When you buy bagged compost at a home improvement store or a nursery how much compost are you REALLY getting. Chances are it's filled with cheap peat moss and isn't doing your plants any good. Ask!

We talked about the importance of compost when making “Mel’s Mix”—the special soil-less blend made of 1/3 peat moss, 1/3 sphagnum peat moss and 1/3 blended compost. Of course the best blended compost is that which you make yourself from kitchen and yard scraps. If you want to keep your vegetable garden organic, don’t use your grass clippings if you add chemicals.
The other option is to use bagged compost, but I urge you to flip that bag over and read the ingredients. There is a very good chance it is mostly “filler” such as peat or chemical fertilizer and very little natural compost.

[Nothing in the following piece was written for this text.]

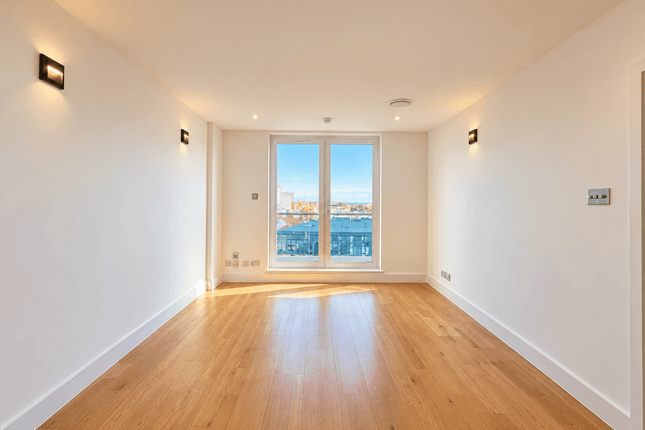 Flat 421, Platinum House, Lyon Road, Harrow photo 4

Two cases come to mind from the Square Foot Gardening Forum. One person saw a bag of “compost” that said it was a 5-way compost suitable for Square Foot Gardening. She thought she had really scored until she researched it. The clerk at the store wasn’t much help except to give her the contact information for the manufacturer. The manufacturer said that it contained “not more than 80% peat and not less than 20% compost." Now does that sound to anyone else like she just bought a bag of peat and NOT a bag of compost?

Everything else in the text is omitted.